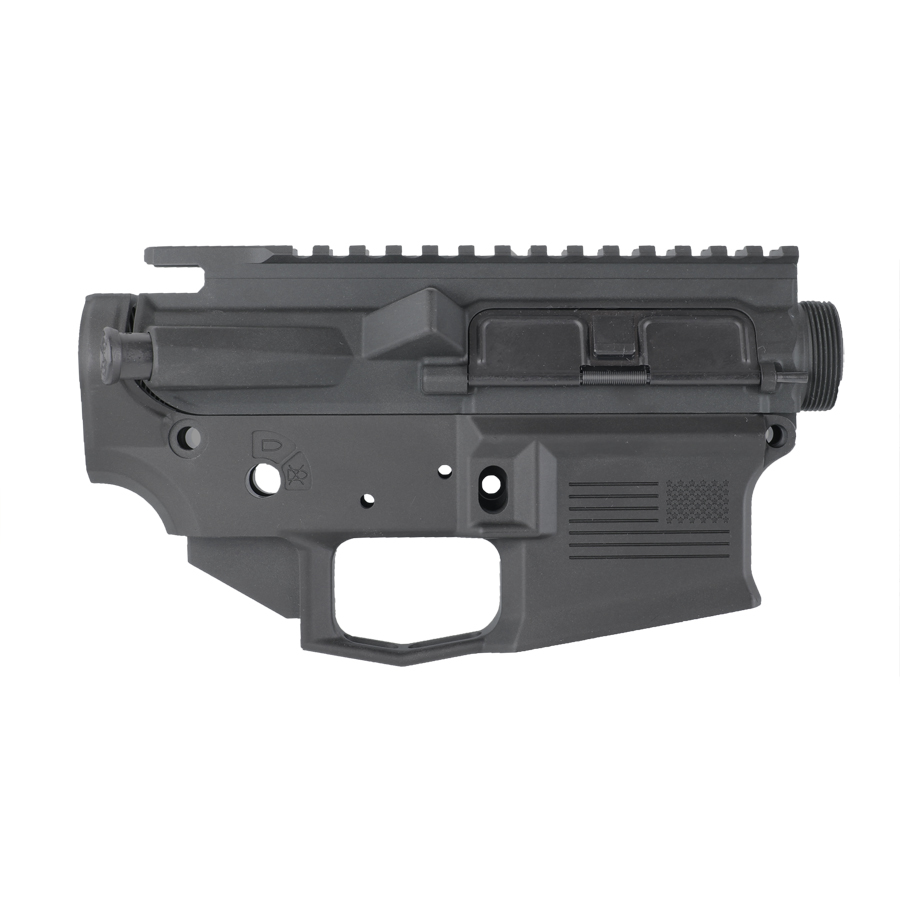 Aero Precision AR15 M4E1 Reciever Set, Special Edition: Freedom - Anodized Aero Precision AR15 M4E1 Reciever Set, Special Edition: Freedom - Anodized
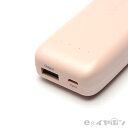 【マツコの知らない世界で紹介されたモバイルバッテリー】RAVPower RP-PB060 6700mAh モバイルバッテリーピンク(急速充電コンパクト軽量113g小型)iPhone/iPad/Galaxy/Xperia/タブレット/ゲーム機等対応【iSmart機能搭載】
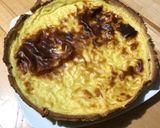 Une image de l'étape 8 de Tarte au flan.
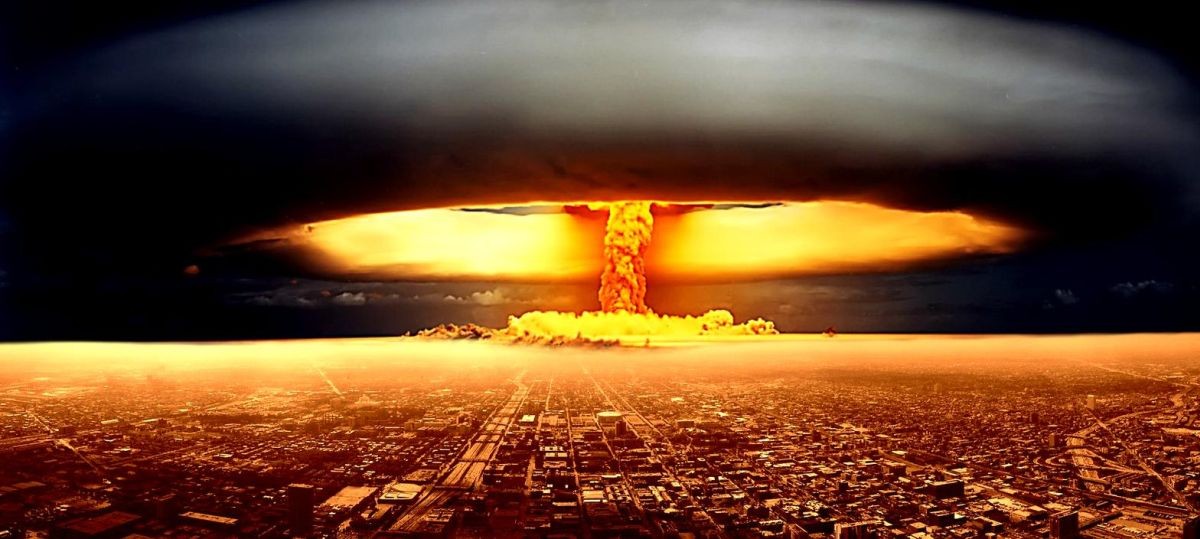 atómová bomba výbuch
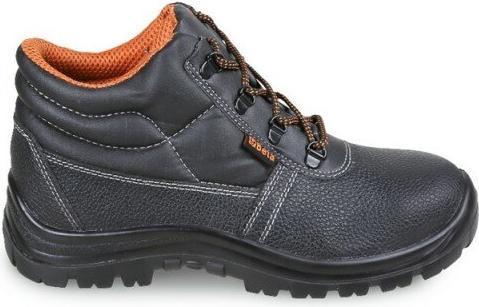Immagine prodotto BETA SCARPE ALTE PELLE NERA BASE C/LAM BK 44, Grigio, 44 mm (S1P, 44)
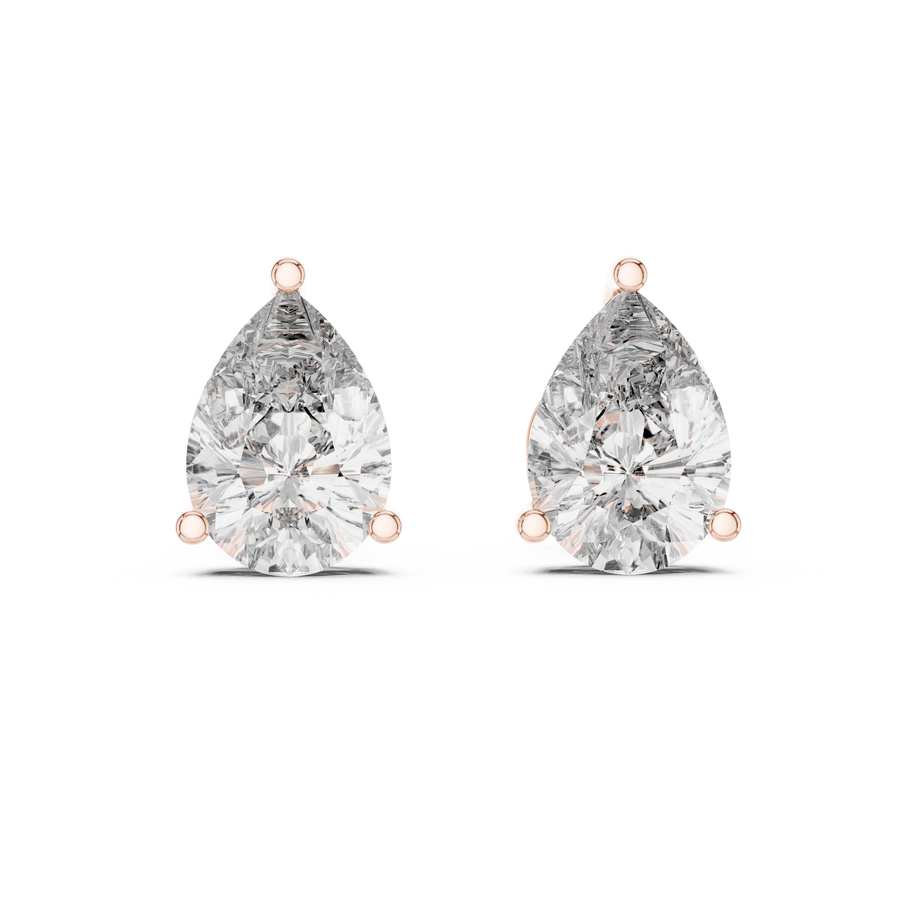 Celeste Pear-Shaped Earrings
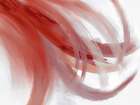Movement In Red 2 V2 Art Print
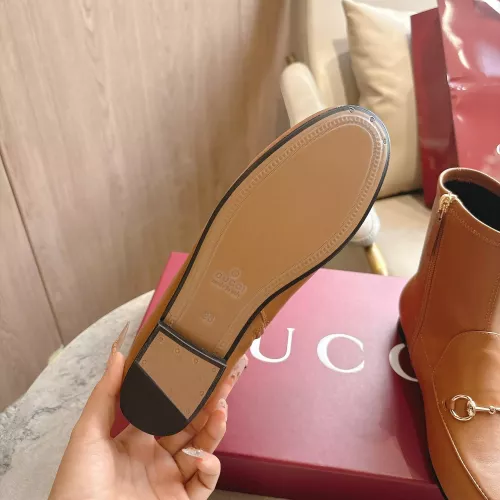 Replica Gucci Boots For Women #1378063 $135.00 USD for Wholesale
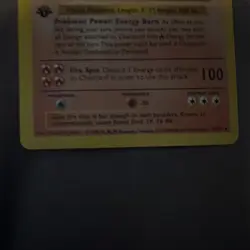 WotC Charizard 4/102 Base Set Holo Rare English 1999 Pokemon TCG 120 HP - Image 4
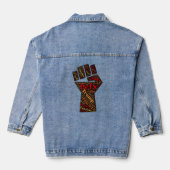 Weersta jeans denim jacket (Achterkant)
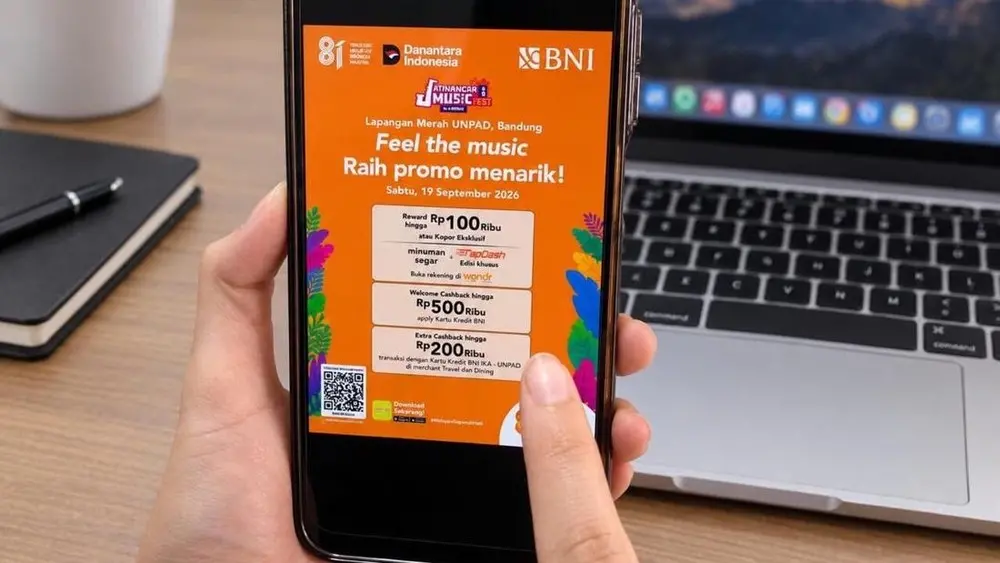 BNI Siap Guncang Jatinangor Unpad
-------------------------
(Exercise brief)
Please write out the lines above, beginning at the line with "Movement In Red 2 V2 Art Print" and ending at the last line of the records, exactly as they appear and without pictures.

(Exercise response)
Movement In Red 2 V2 Art Print
 Replica Gucci Boots For Women #1378063 $135.00 USD for Wholesale
 WotC Charizard 4/102 Base Set Holo Rare English 1999 Pokemon TCG 120 HP - Image 4
 Weersta jeans denim jacket (Achterkant)
 BNI Siap Guncang Jatinangor Unpad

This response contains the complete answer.